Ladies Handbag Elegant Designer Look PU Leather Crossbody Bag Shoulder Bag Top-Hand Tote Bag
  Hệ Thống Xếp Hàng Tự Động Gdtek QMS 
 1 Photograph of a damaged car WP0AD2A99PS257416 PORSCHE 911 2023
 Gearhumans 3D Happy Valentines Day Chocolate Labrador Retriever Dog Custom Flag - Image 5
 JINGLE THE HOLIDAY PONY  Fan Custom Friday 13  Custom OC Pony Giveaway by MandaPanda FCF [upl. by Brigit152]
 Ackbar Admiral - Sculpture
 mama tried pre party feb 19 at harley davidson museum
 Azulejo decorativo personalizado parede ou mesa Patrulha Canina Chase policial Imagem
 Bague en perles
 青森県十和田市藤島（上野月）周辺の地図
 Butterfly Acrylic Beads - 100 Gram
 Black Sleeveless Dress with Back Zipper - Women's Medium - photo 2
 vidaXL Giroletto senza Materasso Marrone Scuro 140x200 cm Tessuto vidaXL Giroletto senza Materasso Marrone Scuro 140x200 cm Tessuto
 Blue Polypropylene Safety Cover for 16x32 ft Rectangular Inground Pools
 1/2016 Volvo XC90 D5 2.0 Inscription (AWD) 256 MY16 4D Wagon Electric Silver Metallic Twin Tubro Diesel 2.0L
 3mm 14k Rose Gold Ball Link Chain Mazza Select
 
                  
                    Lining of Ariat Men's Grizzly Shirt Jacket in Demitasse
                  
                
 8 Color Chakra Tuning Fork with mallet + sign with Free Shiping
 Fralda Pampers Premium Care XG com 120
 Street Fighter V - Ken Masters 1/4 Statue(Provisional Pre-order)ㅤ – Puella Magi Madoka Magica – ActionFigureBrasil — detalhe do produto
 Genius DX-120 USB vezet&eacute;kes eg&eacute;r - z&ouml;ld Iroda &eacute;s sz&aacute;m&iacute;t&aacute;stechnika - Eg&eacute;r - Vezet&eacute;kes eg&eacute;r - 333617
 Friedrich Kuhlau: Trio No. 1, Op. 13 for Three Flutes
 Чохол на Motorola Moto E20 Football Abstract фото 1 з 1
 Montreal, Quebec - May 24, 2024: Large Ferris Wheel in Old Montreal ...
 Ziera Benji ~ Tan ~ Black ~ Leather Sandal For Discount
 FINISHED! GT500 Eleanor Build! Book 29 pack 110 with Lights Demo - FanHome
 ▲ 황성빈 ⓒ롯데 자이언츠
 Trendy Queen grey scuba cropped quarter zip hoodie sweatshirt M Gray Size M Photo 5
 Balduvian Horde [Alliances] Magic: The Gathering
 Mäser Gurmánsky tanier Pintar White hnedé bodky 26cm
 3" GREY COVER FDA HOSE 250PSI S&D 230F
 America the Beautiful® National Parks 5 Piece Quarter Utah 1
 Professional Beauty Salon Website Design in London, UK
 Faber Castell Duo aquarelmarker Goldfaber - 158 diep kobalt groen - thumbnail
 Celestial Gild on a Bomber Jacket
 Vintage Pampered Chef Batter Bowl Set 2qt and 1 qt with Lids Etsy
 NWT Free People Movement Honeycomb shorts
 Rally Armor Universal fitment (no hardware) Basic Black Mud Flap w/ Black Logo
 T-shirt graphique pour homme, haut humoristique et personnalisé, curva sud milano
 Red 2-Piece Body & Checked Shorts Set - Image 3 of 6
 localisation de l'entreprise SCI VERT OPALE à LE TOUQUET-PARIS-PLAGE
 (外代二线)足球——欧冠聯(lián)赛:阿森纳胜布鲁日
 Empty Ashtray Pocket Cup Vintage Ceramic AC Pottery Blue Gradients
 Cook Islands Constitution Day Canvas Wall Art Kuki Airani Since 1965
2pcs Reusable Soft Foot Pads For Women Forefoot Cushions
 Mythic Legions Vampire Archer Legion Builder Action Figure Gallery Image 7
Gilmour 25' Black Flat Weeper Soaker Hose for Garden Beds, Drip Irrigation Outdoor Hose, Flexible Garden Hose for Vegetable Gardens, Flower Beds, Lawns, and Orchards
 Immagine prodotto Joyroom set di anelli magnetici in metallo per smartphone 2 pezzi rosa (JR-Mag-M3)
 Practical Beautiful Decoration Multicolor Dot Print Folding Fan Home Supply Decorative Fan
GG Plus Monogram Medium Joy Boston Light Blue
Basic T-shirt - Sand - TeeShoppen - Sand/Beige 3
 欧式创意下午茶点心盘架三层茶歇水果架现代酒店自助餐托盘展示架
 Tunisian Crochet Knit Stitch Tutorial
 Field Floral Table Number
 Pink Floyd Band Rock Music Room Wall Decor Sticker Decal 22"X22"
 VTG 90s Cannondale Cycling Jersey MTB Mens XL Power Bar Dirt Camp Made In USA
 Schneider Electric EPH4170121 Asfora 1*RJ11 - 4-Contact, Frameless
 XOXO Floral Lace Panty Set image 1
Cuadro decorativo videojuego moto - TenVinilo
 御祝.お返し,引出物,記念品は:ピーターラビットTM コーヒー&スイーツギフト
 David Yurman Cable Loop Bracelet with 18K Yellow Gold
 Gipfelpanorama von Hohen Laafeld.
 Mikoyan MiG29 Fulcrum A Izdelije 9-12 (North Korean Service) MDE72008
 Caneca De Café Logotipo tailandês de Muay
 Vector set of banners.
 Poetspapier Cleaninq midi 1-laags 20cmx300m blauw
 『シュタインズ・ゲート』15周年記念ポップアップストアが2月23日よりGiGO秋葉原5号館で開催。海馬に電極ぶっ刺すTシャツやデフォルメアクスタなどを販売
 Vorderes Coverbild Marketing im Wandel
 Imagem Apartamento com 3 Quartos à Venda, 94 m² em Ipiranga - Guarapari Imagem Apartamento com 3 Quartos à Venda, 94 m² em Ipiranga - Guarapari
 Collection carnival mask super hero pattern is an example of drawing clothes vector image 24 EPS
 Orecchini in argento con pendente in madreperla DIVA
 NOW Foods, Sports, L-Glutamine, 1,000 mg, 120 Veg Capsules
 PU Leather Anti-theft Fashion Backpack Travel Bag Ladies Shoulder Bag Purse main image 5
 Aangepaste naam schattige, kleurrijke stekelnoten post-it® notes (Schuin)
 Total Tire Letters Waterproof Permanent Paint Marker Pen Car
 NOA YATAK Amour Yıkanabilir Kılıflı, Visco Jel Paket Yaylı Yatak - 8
------------------------------------------------------------
**PROBLEM TO SOLVE**
From the first line to the last, set down every record exactly as written above.

**OUTPUT OF THE TASK**
Ladies Handbag Elegant Designer Look PU Leather Crossbody Bag Shoulder Bag Top-Hand Tote Bag
  Hệ Thống Xếp Hàng Tự Động Gdtek QMS 
 1 Photograph of a damaged car WP0AD2A99PS257416 PORSCHE 911 2023
 Gearhumans 3D Happy Valentines Day Chocolate Labrador Retriever Dog Custom Flag - Image 5
 JINGLE THE HOLIDAY PONY  Fan Custom Friday 13  Custom OC Pony Giveaway by MandaPanda FCF [upl. by Brigit152]
 Ackbar Admiral - Sculpture
 mama tried pre party feb 19 at harley davidson museum
 Azulejo decorativo personalizado parede ou mesa Patrulha Canina Chase policial Imagem
 Bague en perles
 青森県十和田市藤島（上野月）周辺の地図
 Butterfly Acrylic Beads - 100 Gram
 Black Sleeveless Dress with Back Zipper - Women's Medium - photo 2
 vidaXL Giroletto senza Materasso Marrone Scuro 140x200 cm Tessuto vidaXL Giroletto senza Materasso Marrone Scuro 140x200 cm Tessuto
 Blue Polypropylene Safety Cover for 16x32 ft Rectangular Inground Pools
 1/2016 Volvo XC90 D5 2.0 Inscription (AWD) 256 MY16 4D Wagon Electric Silver Metallic Twin Tubro Diesel 2.0L
 3mm 14k Rose Gold Ball Link Chain Mazza Select
 
                  
                    Lining of Ariat Men's Grizzly Shirt Jacket in Demitasse
                  
                
 8 Color Chakra Tuning Fork with mallet + sign with Free Shiping
 Fralda Pampers Premium Care XG com 120
 Street Fighter V - Ken Masters 1/4 Statue(Provisional Pre-order)ㅤ – Puella Magi Madoka Magica – ActionFigureBrasil — detalhe do produto
 Genius DX-120 USB vezet&eacute;kes eg&eacute;r - z&ouml;ld Iroda &eacute;s sz&aacute;m&iacute;t&aacute;stechnika - Eg&eacute;r - Vezet&eacute;kes eg&eacute;r - 333617
 Friedrich Kuhlau: Trio No. 1, Op. 13 for Three Flutes
 Чохол на Motorola Moto E20 Football Abstract фото 1 з 1
 Montreal, Quebec - May 24, 2024: Large Ferris Wheel in Old Montreal ...
 Ziera Benji ~ Tan ~ Black ~ Leather Sandal For Discount
 FINISHED! GT500 Eleanor Build! Book 29 pack 110 with Lights Demo - FanHome
 ▲ 황성빈 ⓒ롯데 자이언츠
 Trendy Queen grey scuba cropped quarter zip hoodie sweatshirt M Gray Size M Photo 5
 Balduvian Horde [Alliances] Magic: The Gathering
 Mäser Gurmánsky tanier Pintar White hnedé bodky 26cm
 3" GREY COVER FDA HOSE 250PSI S&D 230F
 America the Beautiful® National Parks 5 Piece Quarter Utah 1
 Professional Beauty Salon Website Design in London, UK
 Faber Castell Duo aquarelmarker Goldfaber - 158 diep kobalt groen - thumbnail
 Celestial Gild on a Bomber Jacket
 Vintage Pampered Chef Batter Bowl Set 2qt and 1 qt with Lids Etsy
 NWT Free People Movement Honeycomb shorts
 Rally Armor Universal fitment (no hardware) Basic Black Mud Flap w/ Black Logo
 T-shirt graphique pour homme, haut humoristique et personnalisé, curva sud milano
 Red 2-Piece Body & Checked Shorts Set - Image 3 of 6
 localisation de l'entreprise SCI VERT OPALE à LE TOUQUET-PARIS-PLAGE
 (外代二线)足球——欧冠聯(lián)赛:阿森纳胜布鲁日
 Empty Ashtray Pocket Cup Vintage Ceramic AC Pottery Blue Gradients
 Cook Islands Constitution Day Canvas Wall Art Kuki Airani Since 1965
2pcs Reusable Soft Foot Pads For Women Forefoot Cushions
 Mythic Legions Vampire Archer Legion Builder Action Figure Gallery Image 7
Gilmour 25' Black Flat Weeper Soaker Hose for Garden Beds, Drip Irrigation Outdoor Hose, Flexible Garden Hose for Vegetable Gardens, Flower Beds, Lawns, and Orchards
 Immagine prodotto Joyroom set di anelli magnetici in metallo per smartphone 2 pezzi rosa (JR-Mag-M3)
 Practical Beautiful Decoration Multicolor Dot Print Folding Fan Home Supply Decorative Fan
GG Plus Monogram Medium Joy Boston Light Blue
Basic T-shirt - Sand - TeeShoppen - Sand/Beige 3
 欧式创意下午茶点心盘架三层茶歇水果架现代酒店自助餐托盘展示架
 Tunisian Crochet Knit Stitch Tutorial
 Field Floral Table Number
 Pink Floyd Band Rock Music Room Wall Decor Sticker Decal 22"X22"
 VTG 90s Cannondale Cycling Jersey MTB Mens XL Power Bar Dirt Camp Made In USA
 Schneider Electric EPH4170121 Asfora 1*RJ11 - 4-Contact, Frameless
 XOXO Floral Lace Panty Set image 1
Cuadro decorativo videojuego moto - TenVinilo
 御祝.お返し,引出物,記念品は:ピーターラビットTM コーヒー&スイーツギフト
 David Yurman Cable Loop Bracelet with 18K Yellow Gold
 Gipfelpanorama von Hohen Laafeld.
 Mikoyan MiG29 Fulcrum A Izdelije 9-12 (North Korean Service) MDE72008
 Caneca De Café Logotipo tailandês de Muay
 Vector set of banners.
 Poetspapier Cleaninq midi 1-laags 20cmx300m blauw
 『シュタインズ・ゲート』15周年記念ポップアップストアが2月23日よりGiGO秋葉原5号館で開催。海馬に電極ぶっ刺すTシャツやデフォルメアクスタなどを販売
 Vorderes Coverbild Marketing im Wandel
 Imagem Apartamento com 3 Quartos à Venda, 94 m² em Ipiranga - Guarapari Imagem Apartamento com 3 Quartos à Venda, 94 m² em Ipiranga - Guarapari
 Collection carnival mask super hero pattern is an example of drawing clothes vector image 24 EPS
 Orecchini in argento con pendente in madreperla DIVA
 NOW Foods, Sports, L-Glutamine, 1,000 mg, 120 Veg Capsules
 PU Leather Anti-theft Fashion Backpack Travel Bag Ladies Shoulder Bag Purse main image 5
 Aangepaste naam schattige, kleurrijke stekelnoten post-it® notes (Schuin)
 Total Tire Letters Waterproof Permanent Paint Marker Pen Car
 NOA YATAK Amour Yıkanabilir Kılıflı, Visco Jel Paket Yaylı Yatak - 8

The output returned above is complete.